The California-born actress and writer, who stars in Francis Ha which she co-wrote with director Noah Baumbach, has been the “It” girl of the Mumblecore scene since appearing in 2006 in low budget movies like LOL and Hannah Takes The Stairs the following year. Fans and critics alike have been drawn to her magnetic portrayals of offbeat, winsome characters, particularly the 2008 romantic comedy Nights and Weekends, in which she played one-half of a couple grappling with the realities of a long-distance love affair.
But it was in 2010 that Greta made her mainstream debut in the critically acclaimed Greenberg as the object of Ben Stiller’s perverted affection, making Hollywood sit up and take notice. Her portrayal of a slightly insecure, clumsy woman who yet has a quiet confidence about her was memorable and captured the public and the director’s eye. She quickly moved from being a Mumblecore sweetheart to being one of the most definitive actresses of her time. Baumbach left his wife and mother of his child, Jennifer Jason Leigh for Gerwig and the two have been a couple and co-collaborators ever since.

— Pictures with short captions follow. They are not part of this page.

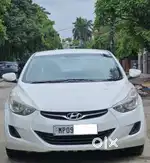 Hyundai Elantra 1.6 SX, 2013, Diesel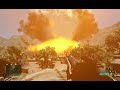 Alpha Crysis nuke fun :D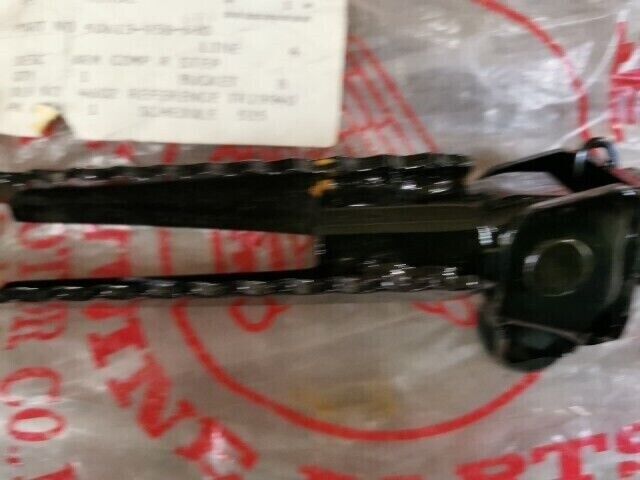 NOS HONDA ATC200E ATC200M 1982 - 1984 ARM  REAR STEP 50613-958-680 H74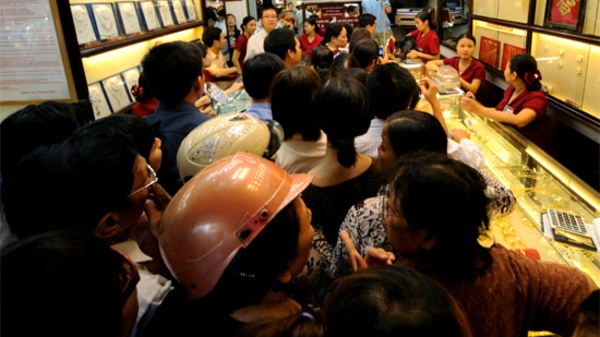 Năm 2010, giá vàng có thể lập kỷ lục mới?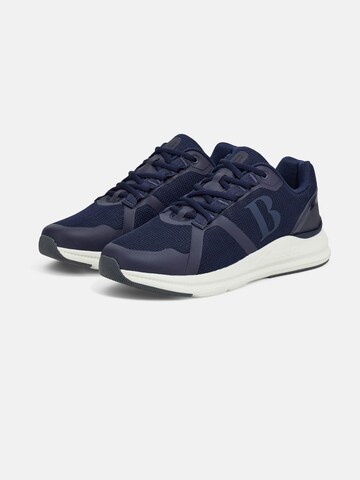Sneaker bassa di Boggi Milano in blu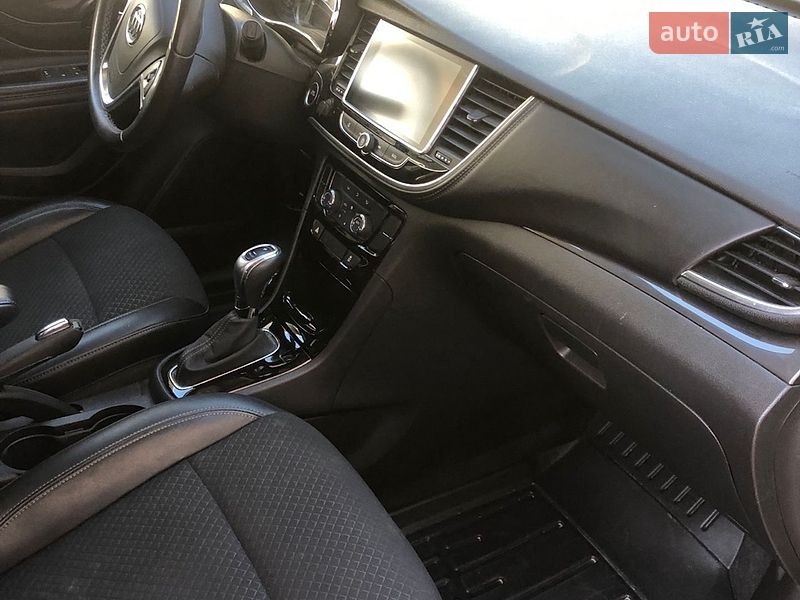 Позашляховик / Кросовер Buick Encore 2018 в Борщеві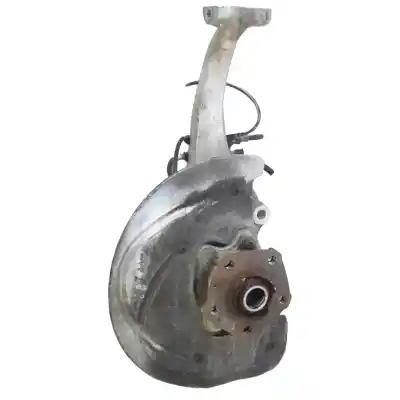 Peça sobressalente para automóvel em segunda mão manga de eixo dianteira direita por audi a4 b9 avant (8w5, 8wd) 2.0 tdi referências oem iam 8w0407254f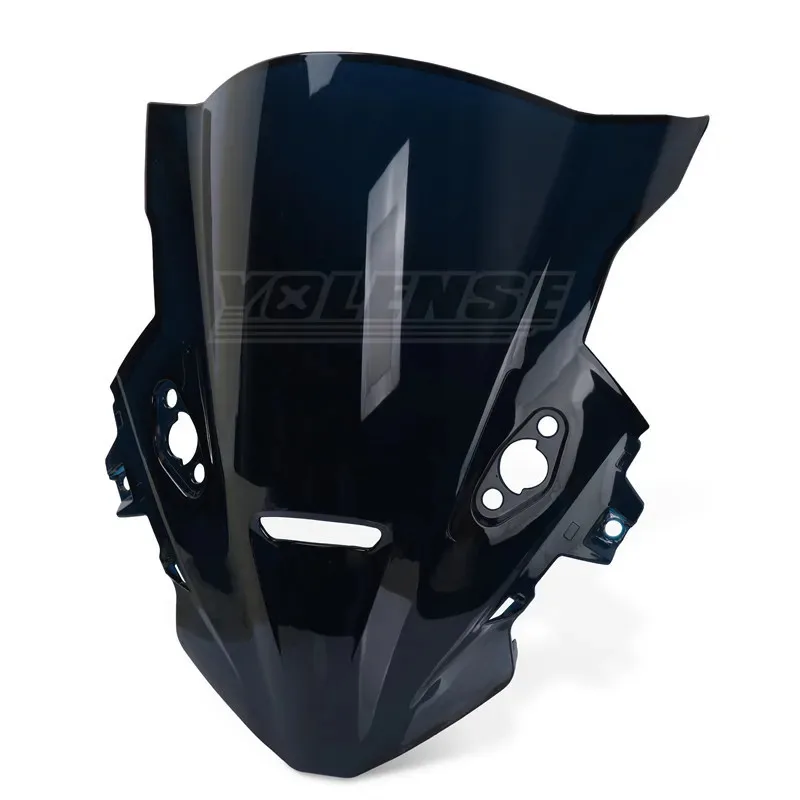 

Для 675SR 675SR-R 675SRR лобовое стекло ветровые дефлекторы щит протектор подходит для мотоцикла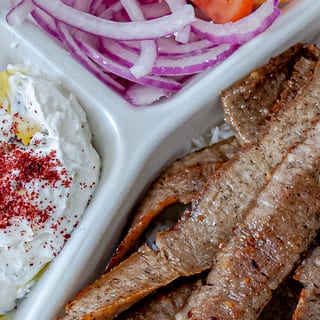 Gyro Platter (Catering)
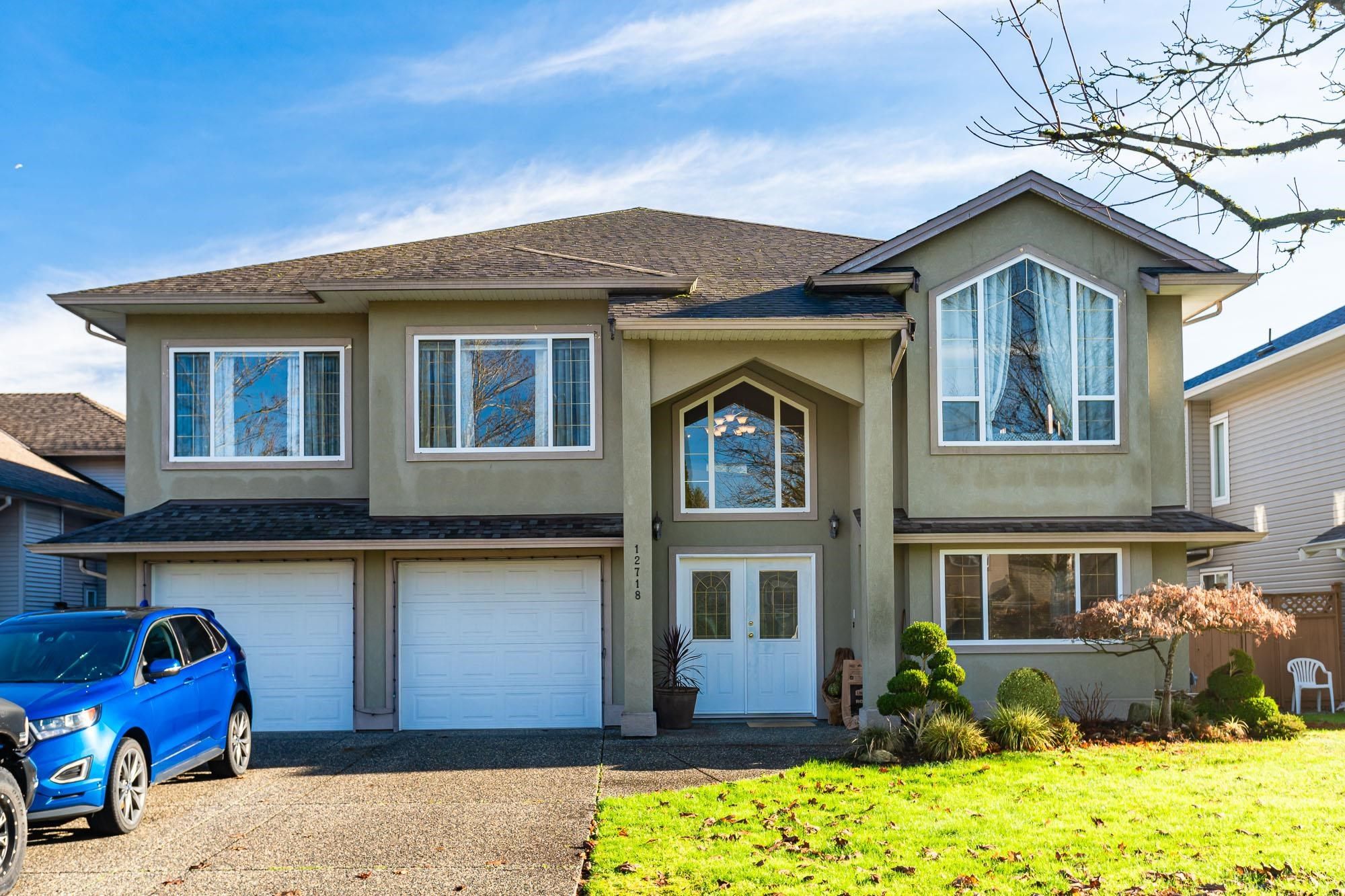 Main Photo: 12718 227A Street in Maple Ridge: East Central House for sale : MLS®# R2833178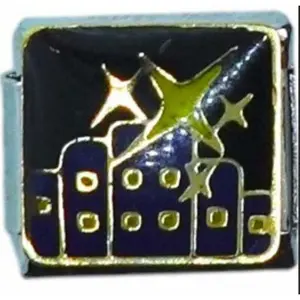 City Stars Italian Charm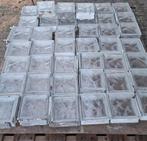 Glazen stenen / bouwstenen, Doe-het-zelf en Verbouw, Glas en Ramen, Ophalen, Gebruikt, Overige typen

Greta describes the collaboration process on the script with Baumbach to the HFPA: “I sent him a list of ideas I’d been kicking around, tiny moments and scenes and snippets of dialogue, just a collection of stuff and he was very excited at what he saw and encouraged me to keep writing. I feel as much ownership over the writing process as I do over the acting process.”

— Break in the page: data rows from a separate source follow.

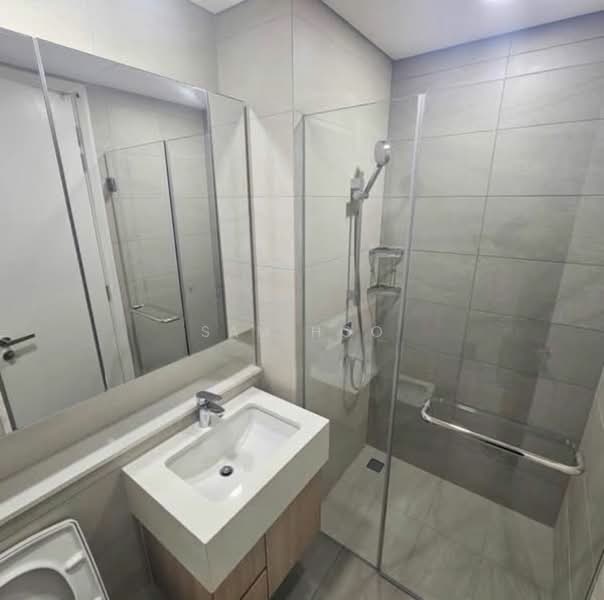 Service Residence for Rent at TRX Residences - Sam Hoo - Bathroom - PropertyGuru.com.my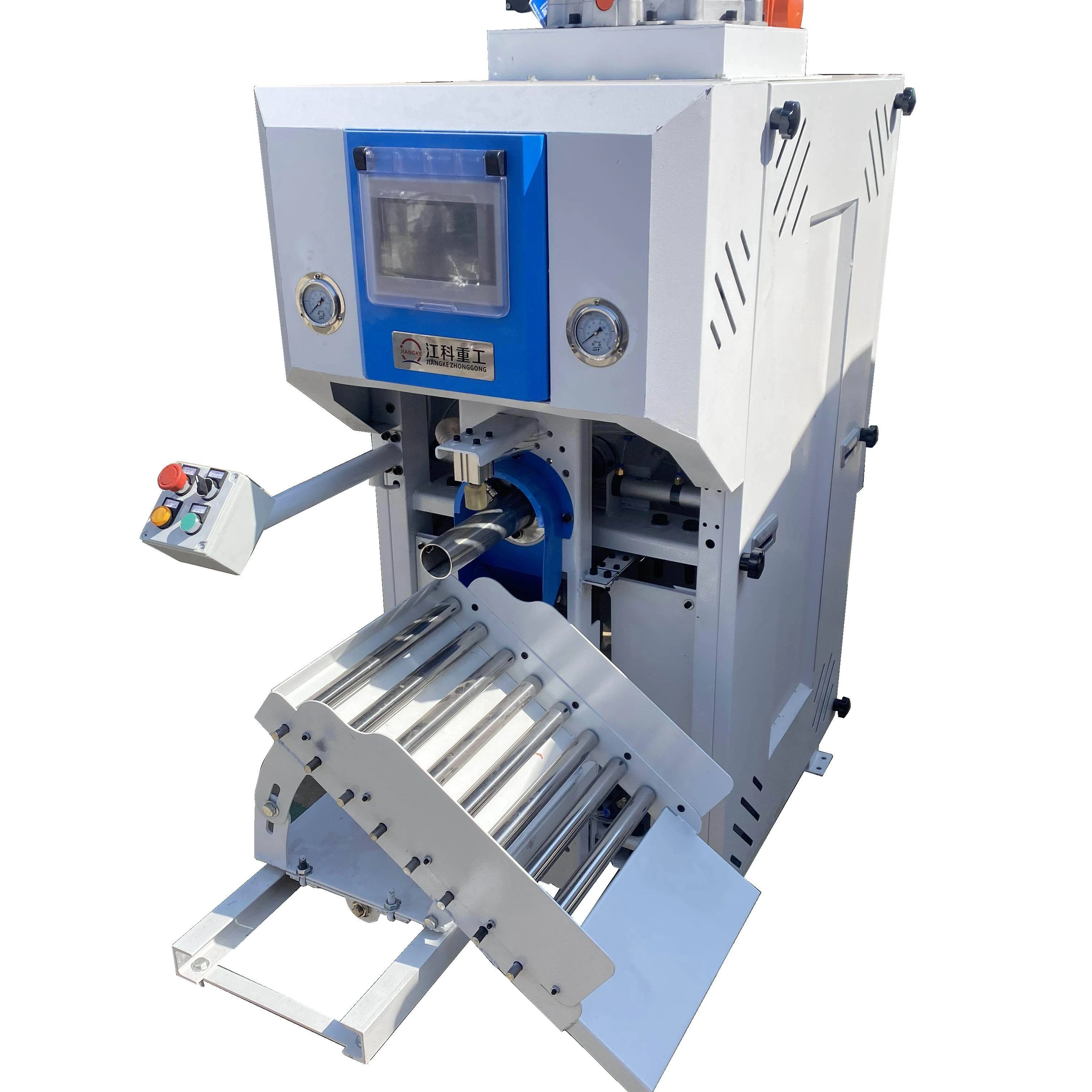Flour packing machine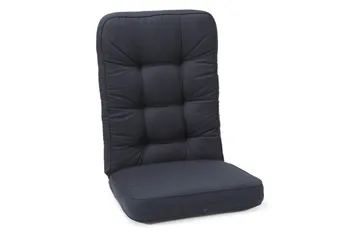 Dyna Hillerstorp Texas Hög Blå - Blå - Utemöbler & utemiljö - Dynor - Positionsdynor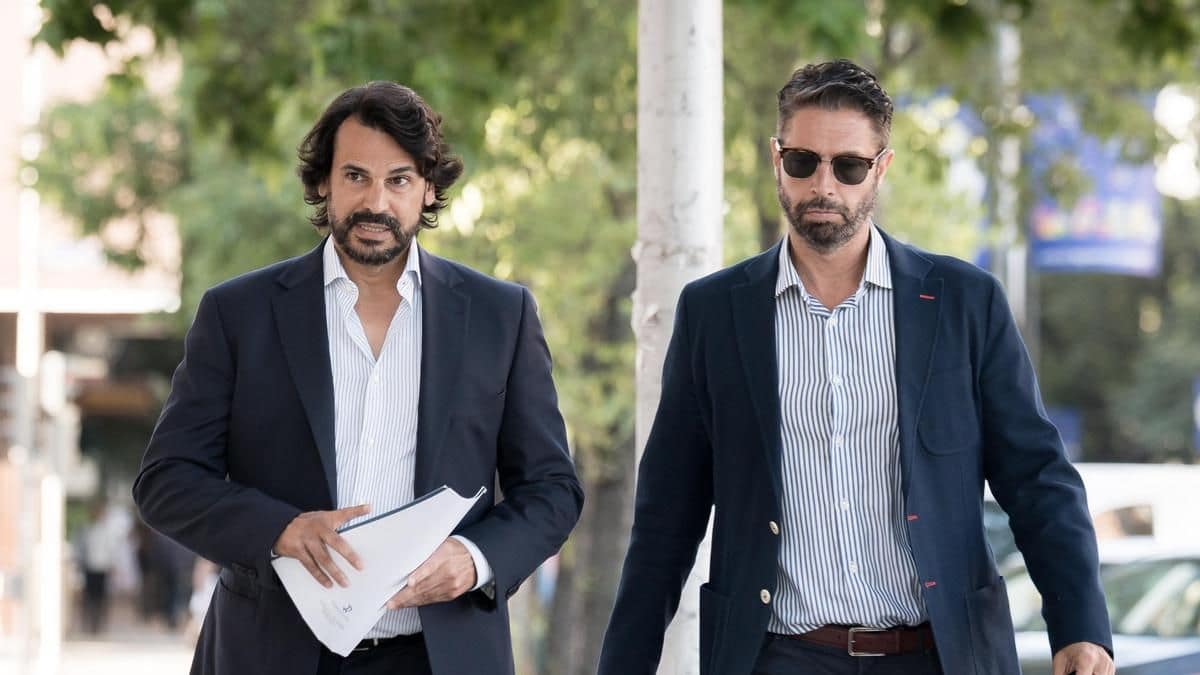 La pareja de Ayuso se reparte 1,2 millones en dividendos y factura 710.000 euros en su consultora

Frances Ha was shot in black and white and is the story of a two women friends played by Gerwig and Mickey Summer, who’ve known each other since college. The movie's initial dramatic thrust comes from Frances breaking away from her old college friend and current roommate Sophie (the good-looking, intellectual-seeming Sumner, daughter of rock musician Sting). The bespectacled Sophie not only shares the flat with Frances but also the odd cigarette and the same asexual bed. She's a successful editor at Random House, and Frances fantasizes that Sophie will eventually publish the book that confirms Frances’ artistic success. But Sophie is moving on and out, eventually to Japan with her boyfriend, an investment banker. Frances’ drifting, both physical and mental, begins when she can't afford to live alone in the flat she fancies. Her moves from ménage to ménage are like an essay on the tastes, behavior, lifestyles and interior decoration of young, semi-bohemian New Yorkers, and the movie offers a fairly realistic view of their lives.

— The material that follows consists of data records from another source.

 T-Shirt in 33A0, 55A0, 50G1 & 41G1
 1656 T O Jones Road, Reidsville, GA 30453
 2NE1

Frances Ha has no narrative development in the customary sense. It's a succession of skilfully observed scenes, simultaneously funny and embarrassing, that illustrate her offhand humor, her self-deception and the web of little white lies that sustain her. She invents job interviews. She tells her kindly superior at a modern dance company that there are prospects elsewhere. She pretends her relationships are more firmly based than they are. Gerwig is in every scene and she dominates the movie.
Although Gerwig grew up in Sacramento in a house full of art and literature, she had no connections to show business. Her father works in computers and her mother is a nurse. She studied at Barnard College in New York where she wrote plays and co-founded an improv group called The Tea Party Ensemble.
“I grew up far away from films and I didn’t have any “ins” to the business that would help me, so when I graduated I really just started making what I could, going to auditions, having day jobs and working as hard as I could.”
She and Baumbach are continuing to collaborate and have just finished writing their second movie together in which she will also star. They hope to begin shooting early next year.